Rui Ramos
Catarina Martins não está arrependida,
tal como Jerónimo de Sousa não está arrependido. Não têm uma única razão para
isso. A actual maioria parlamentar foi a maior vitória política do PCP e do BE.
Catarina Martins disse algures
que todos os dias se arrependia da “geringonça”, e a imprensa comoveu-se. Sem
razão. Catarina Martins não está arrependida, tal como Jerónimo de Sousa não
está arrependido. Não têm uma única razão para isso. A actual maioria parlamentar
corresponde ao que o PCP e os partidos que depois engendraram o Bloco de
Esquerda propõem desde 1976. Foi a sua maior vitória política em quarenta anos.

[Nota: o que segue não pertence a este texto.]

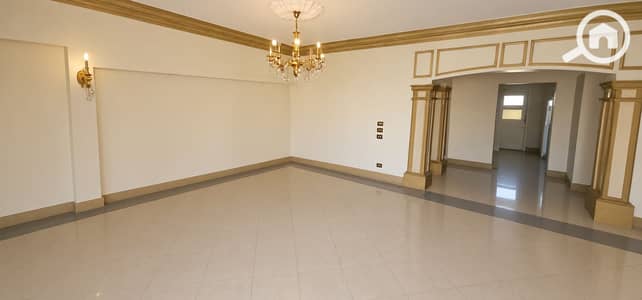 3 Bedroom Flat for Sale in 6th of October, Giza - Elegant Empty Classical Living Room. png 3 Bedroom Flat for Sale in 6th of October, Giza - Elegant Empty Classical Living Room. png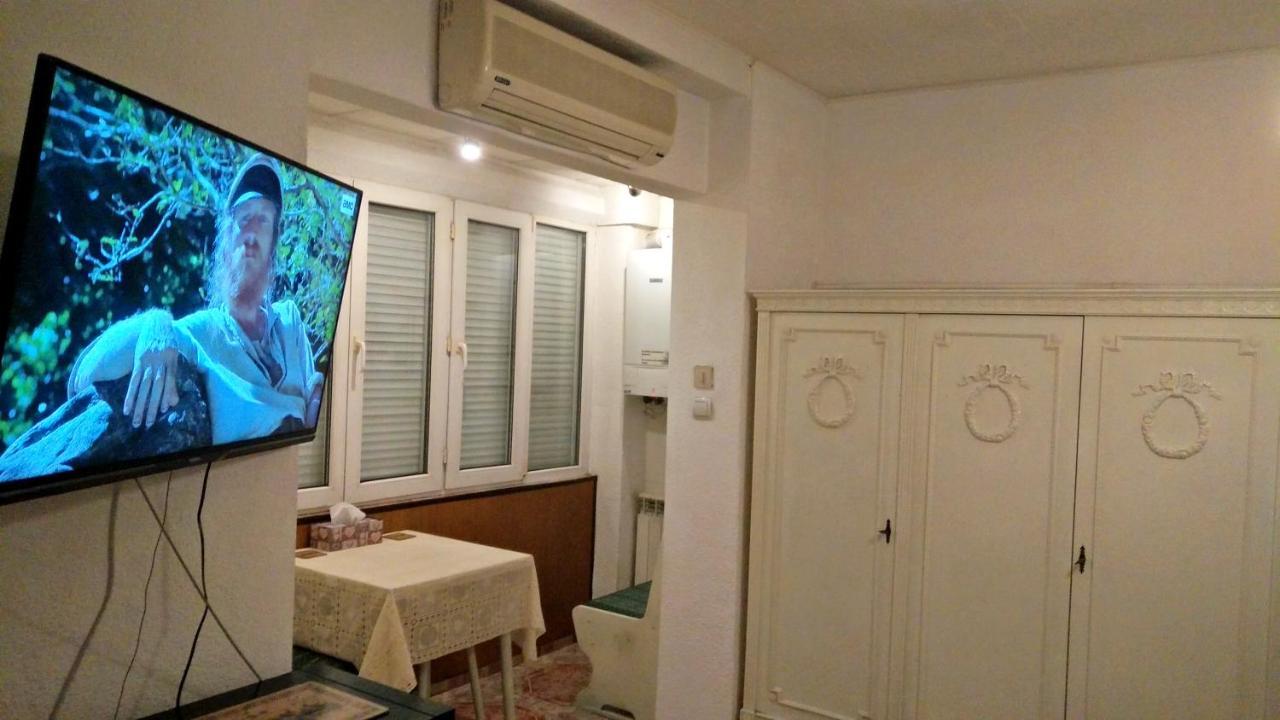 One Bedroom Apartment French Embassy Boekarest Buitenkant foto
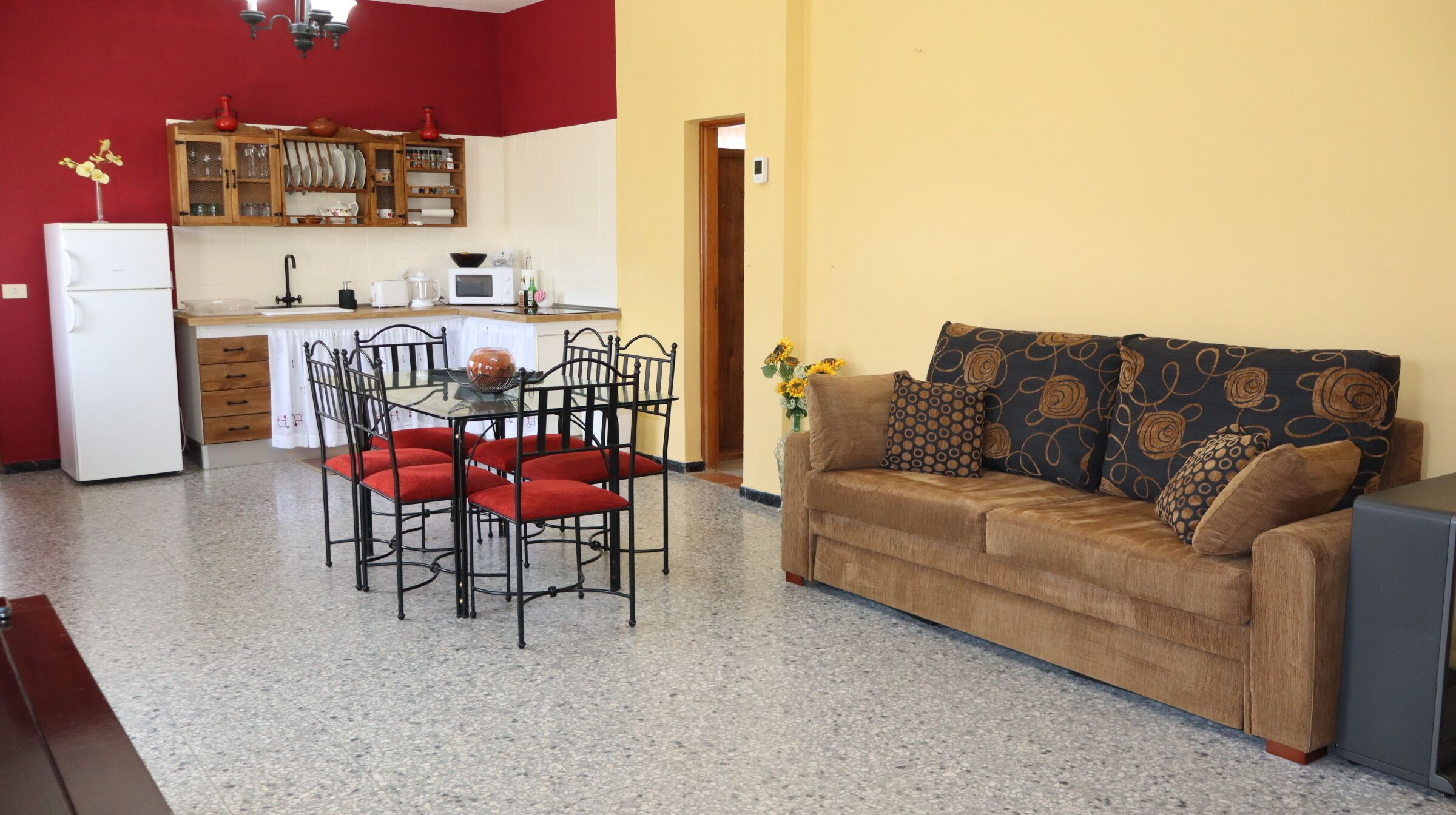 Una televisión, una chimenea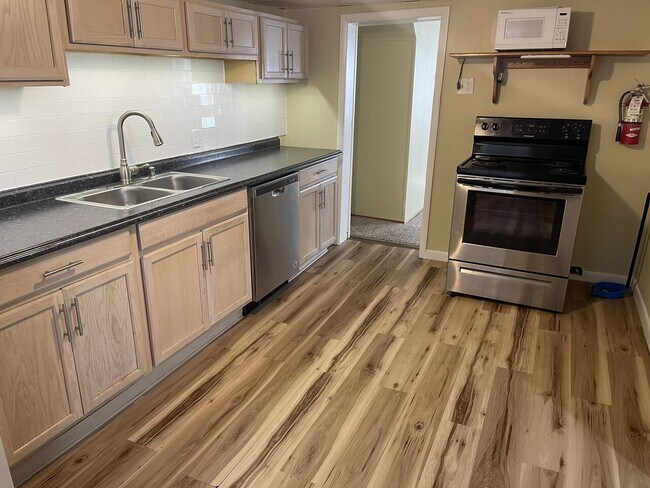 Foto del edificio - 321 E Burd St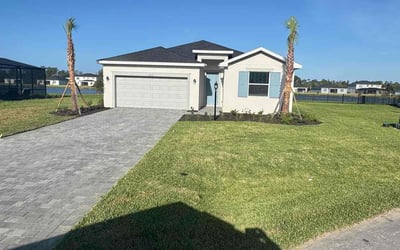 Photo of Wanda B.'s yard after getting lawn care in North Fort Myers, FL
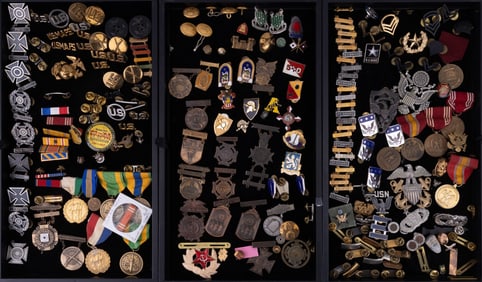 U.S. Military Insignia Pins, Medals, & Buttons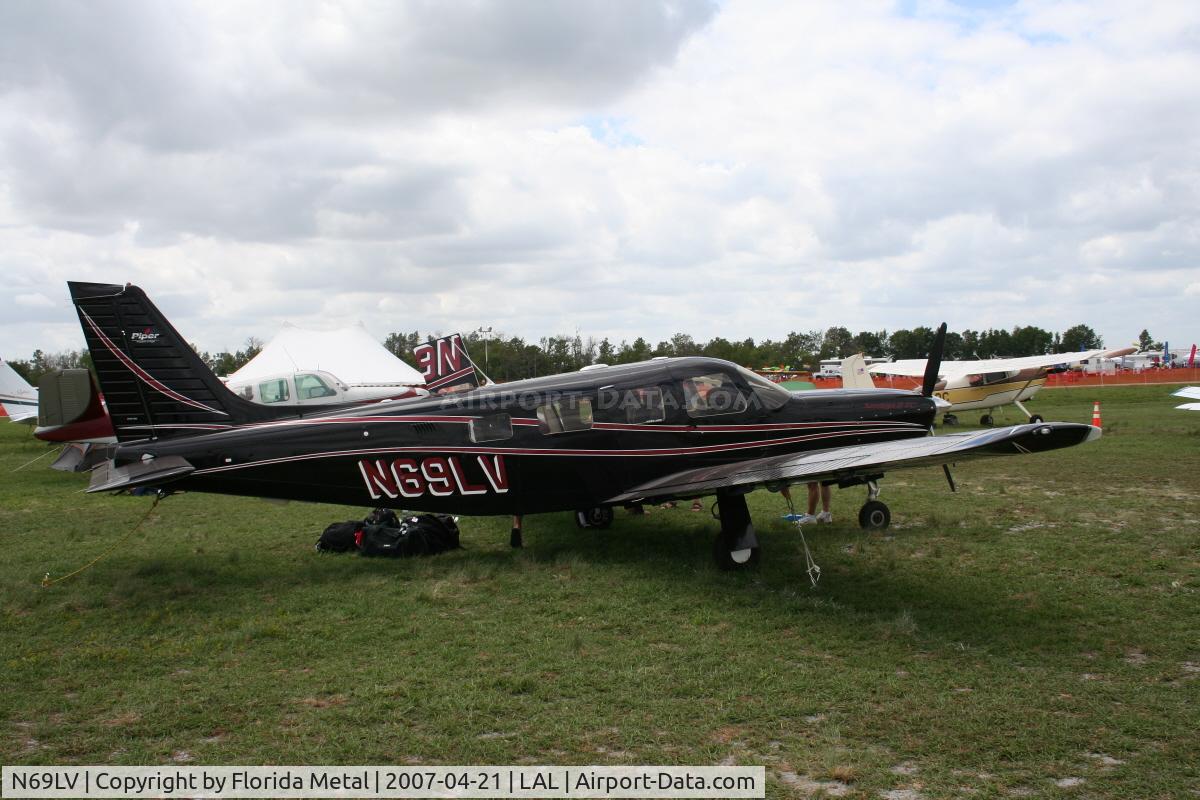 N69LV, 2001 Piper PA-32R-301T Turbo Saratoga C/N 3257229, PA-32-301T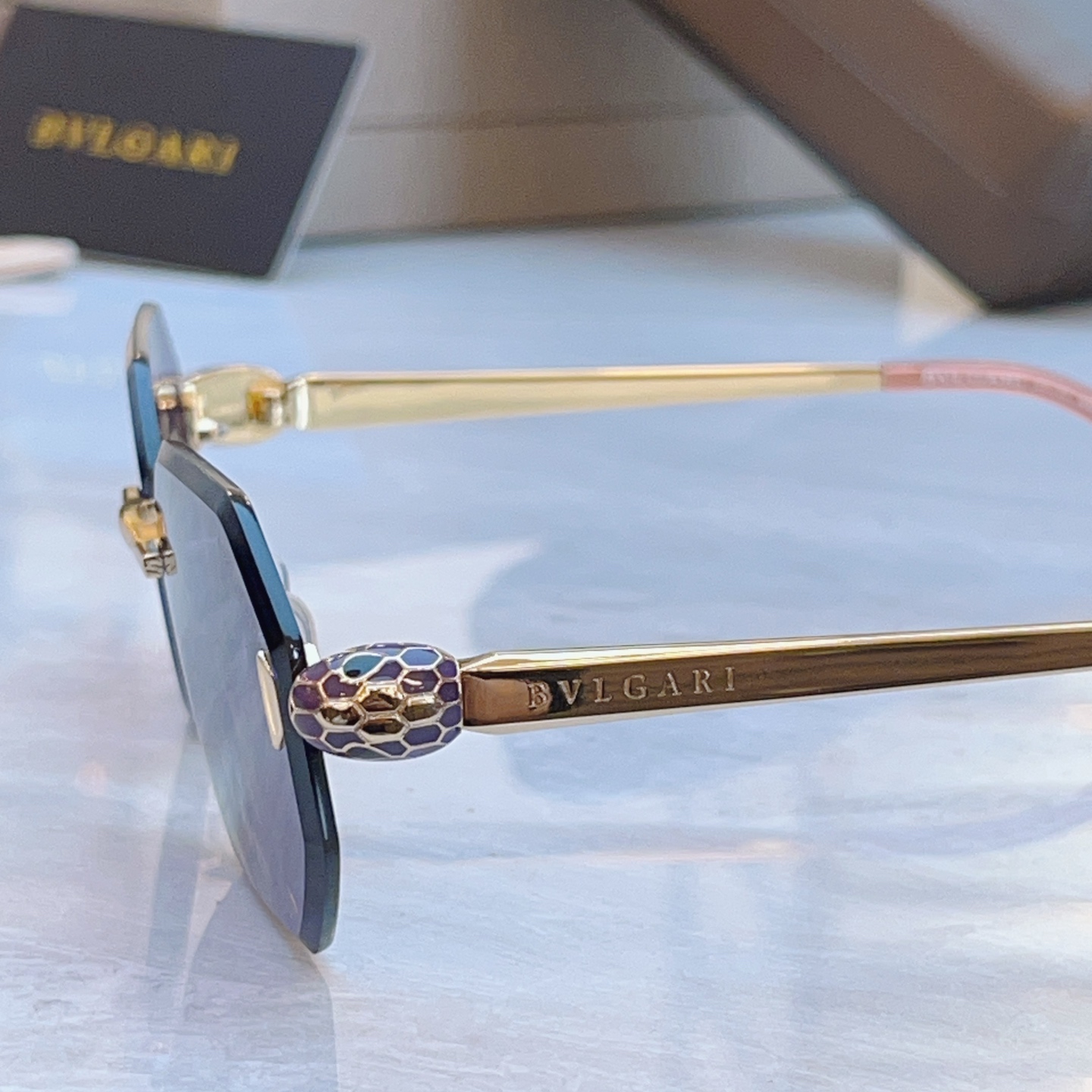 ，【BVLGA*】宝格*丽新款太阳镜，MODEL：BV 40105U，SIZE：57口16-140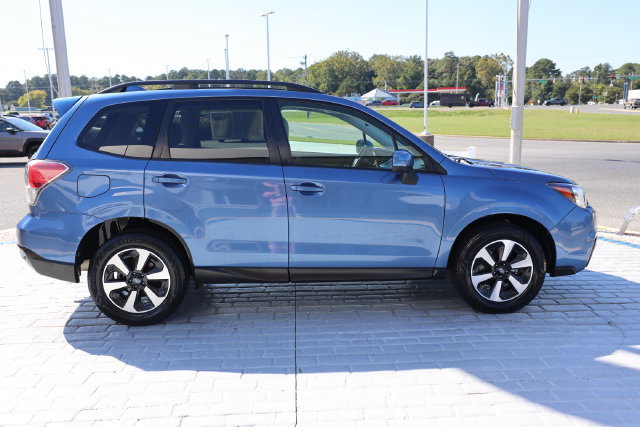 Used 2018 Subaru Forester 2.5i Premium AWD/4WD image 6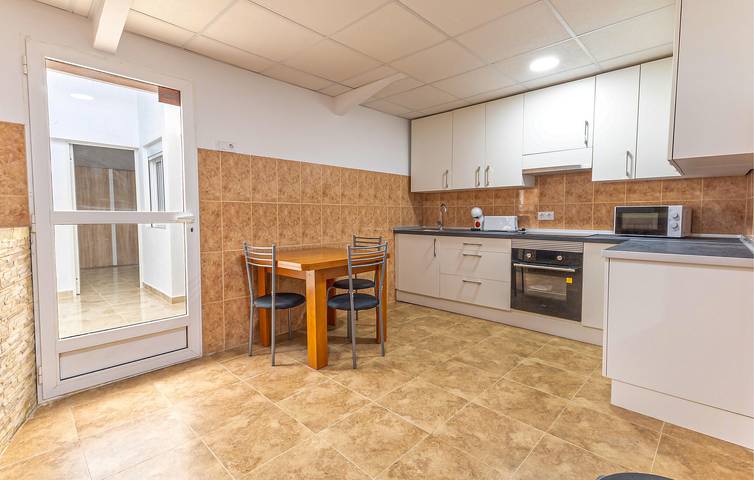 Location de vacances pour 8 personnes, avec terrasse à Elche - 2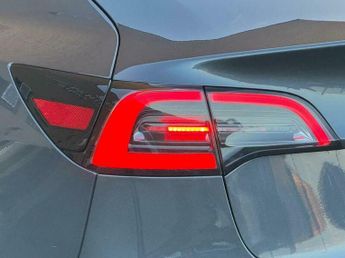 Tesla Model 3 Standard Range Plus Auto RWD 4dr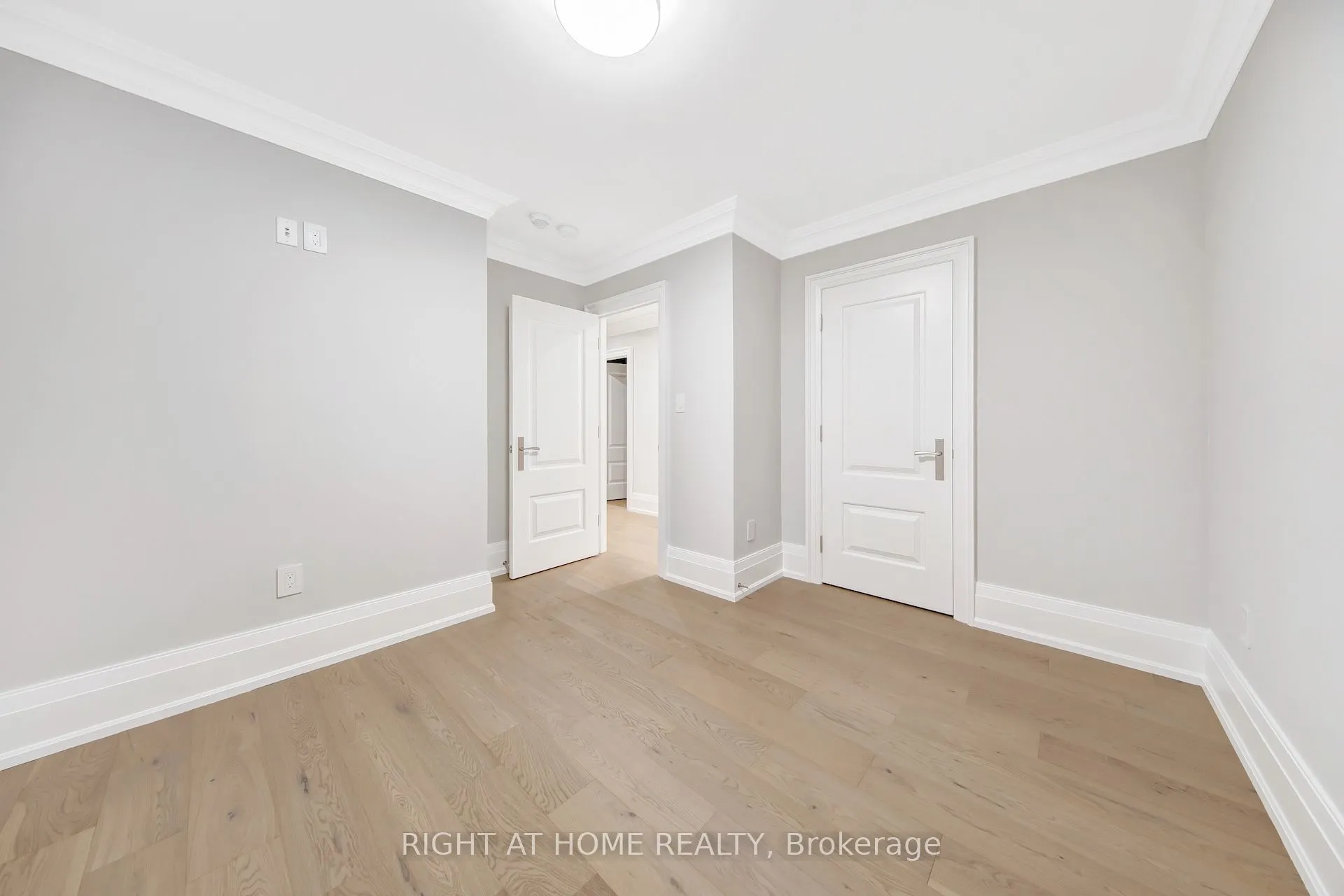 484 Avonwood Drive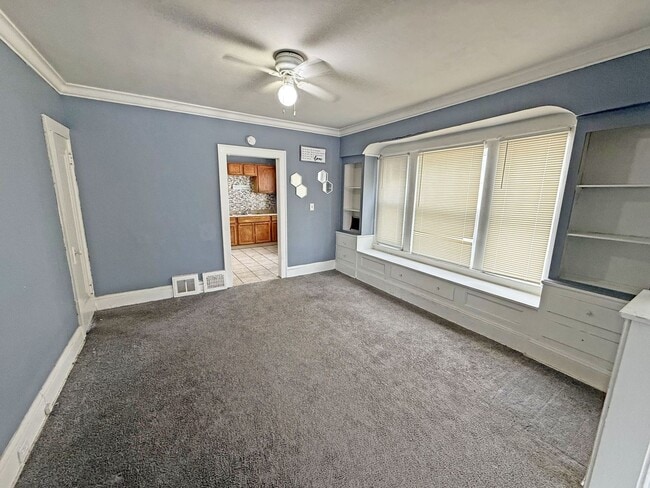 Foto del edificio - 3584 E 151st St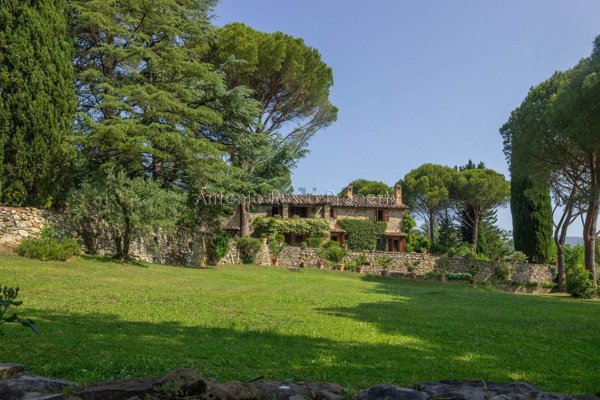 casa indipendente in vendita a Cortona in zona Casale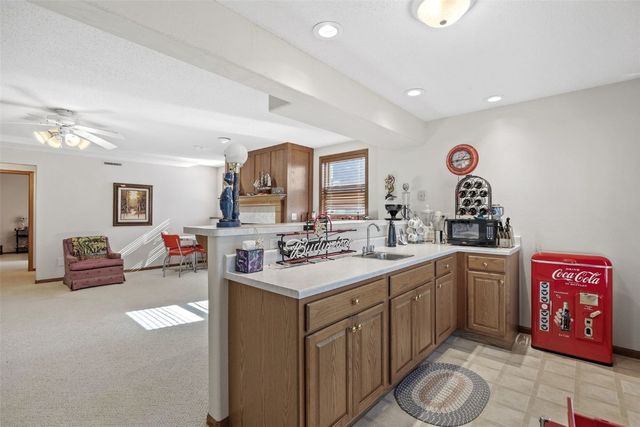 3519 Rogers Road, Cedar Rapids, IA 52405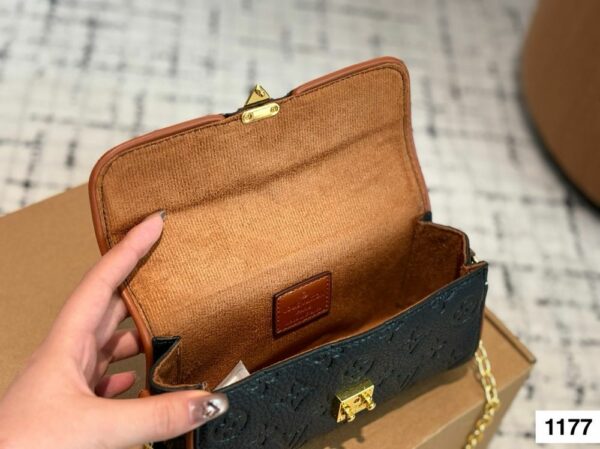 New Collection Fashion LV Handbag L1698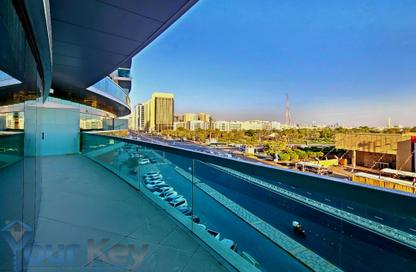 Apartment - 3 Bedrooms - 5 Bathrooms for rent in Crescent Tower 1 - Crescent Towers - Al Khalidiya - Abu Dhabi
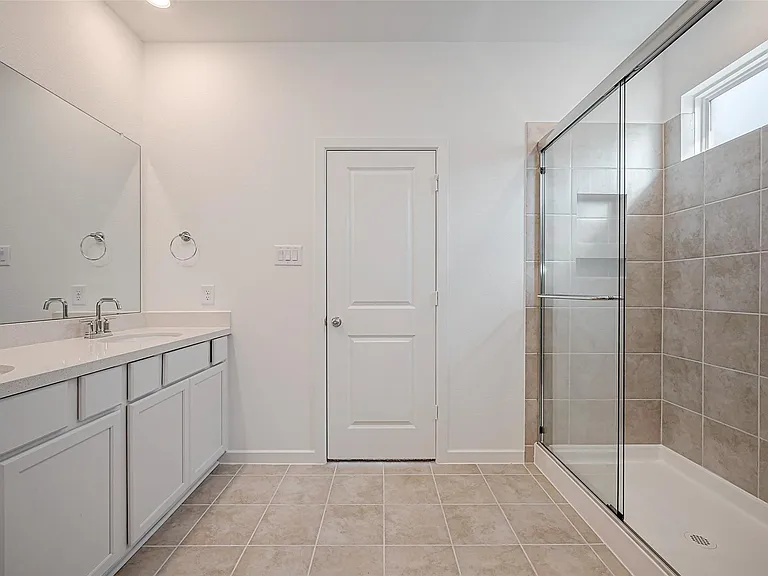 1127 Sugar Dr — Photo 25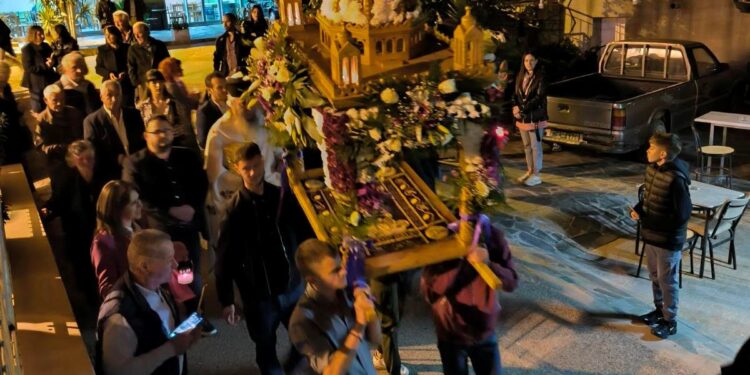 Σαργιάδα, Ιερός Ναός Παμμεγίστων Ταξιαρχών| Με κατάνυξη η περιφορά του επιταφίου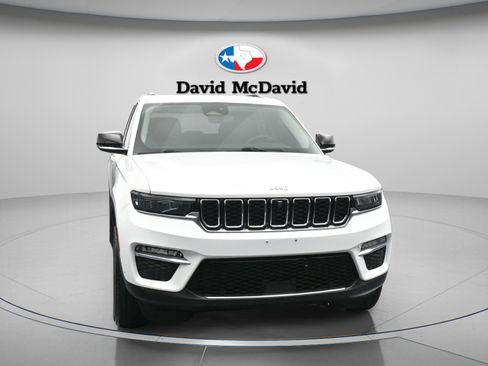 Used 2023 Jeep Grand Cherokee Limited w/ Luxury Tech Group II AWD/4WD image 2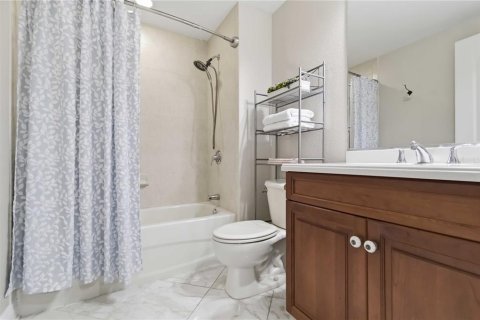 Condo in Palmetto, Florida, 2 bedrooms № 2148444 - photo 15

Em 1975, contra a influência
militar do PCP e da “extrema-esquerda”, formou-se em Portugal uma maioria a
favor de uma democracia de tipo ocidental, no quadro da NATO e da integração
europeia. Essa maioria era composta à direita pelo PSD e CDS, e à esquerda pelo
PS. Perante esta maioria democrática, o PCP e depois a extrema-esquerda
desenvolveram duas tácticas: uma consistiu em salvaguardar a ascendência
militar no regime, colando-se ao Conselho da Revolução e ao presidente Eanes,
apesar do papel de Eanes na derrota do militarismo pró-comunista em 1975;
outra, foi a de separar o PS da maioria democrática, aliciando-o para uma
“maioria de esquerda”.
Foi esta segunda táctica que
finalmente resultou no Outono de 2015. O PCP e o BE jaziam então numa situação
crítica. A contestação à “austeridade” não os fizera crescer como o Syriza na
Grécia ou o Podemos em Espanha. O sindicalismo comunista declinava. Mas se as
razões para uma aliança eram boas, as condições foram ainda melhores: o PCP e o
BE não tiveram de renegar nada, e precisaram apenas de se calar sobre alguns
assuntos. Em contrapartida, o PCP salvou os seus sindicatos e voltou a
controlar um ministério, e o BE tem agora um juiz no Tribunal Constitucional.
Perante os partidos da
esquerda democrática, os caminhos dos revolucionários são variados. Na Grécia e
na Espanha, tentaram substituí-los. Na Grã-Bretanha, preferiram tomar por
dentro o Partido Trabalhista. Em Portugal, colaram-se ao PS, aproveitando a
derrota eleitoral de António Costa. Conseguiram assim, até ver, começar a
separar o PS da maioria democrática. O PS partilha hoje a visão que o PCP e o
BE têm do PSD e do CDS, como partidos a excluir. É como se a Frente Nacional,
em França, tivesse destruído a “maioria republicana” que até agora a tem
impedido, não só de chegar ao governo, mas até ao parlamento.
Porque é que tanta gente
admitiu o arrependimento de Martins? Porque ainda é corrente a ideia do PCP e
do BE como “partidos de protesto”, cheios de pruridos perante o poder. É um
equívoco. O PCP e o BE têm sido partidos de protesto porque os eleitores e, até
agora, os outros partidos, não lhes têm deixado ser outra coisa. Mas o protesto
é circunstancial. A sua referência — do PCP e dos partidos que compõem o BE — é
a tradição leninista, que fez do poder a questão central para os
revolucionários. Tudo lhes foi sempre teoricamente permitido para infiltrarem o
Estado. Nada no que Sousa ou Martins fizeram envergonharia os seus mestres
soviéticos.
Tivemos coligações de governo
de partidos muitos alinhados em cena, mas que ameaçaram frequentemente quebrar
nos bastidores, como a de Passos Coelho em Julho de 2013. O actual arranjo
parlamentar funciona de outra maneira: ruídos em palco, entendimento nos
camarins. Nenhum arrependimento vai desmontar a geringonça. Para o país, um
governo dependente do PCP e do BE significa que a austeridade continua, porque
não lhes interessa renunciar ao dinheiro do BCE, mas que nenhuma das mudanças
de contexto, daquelas que poderiam animar a economia, será efectuada. Mas disso
é que eles certamente não estão arrependidos.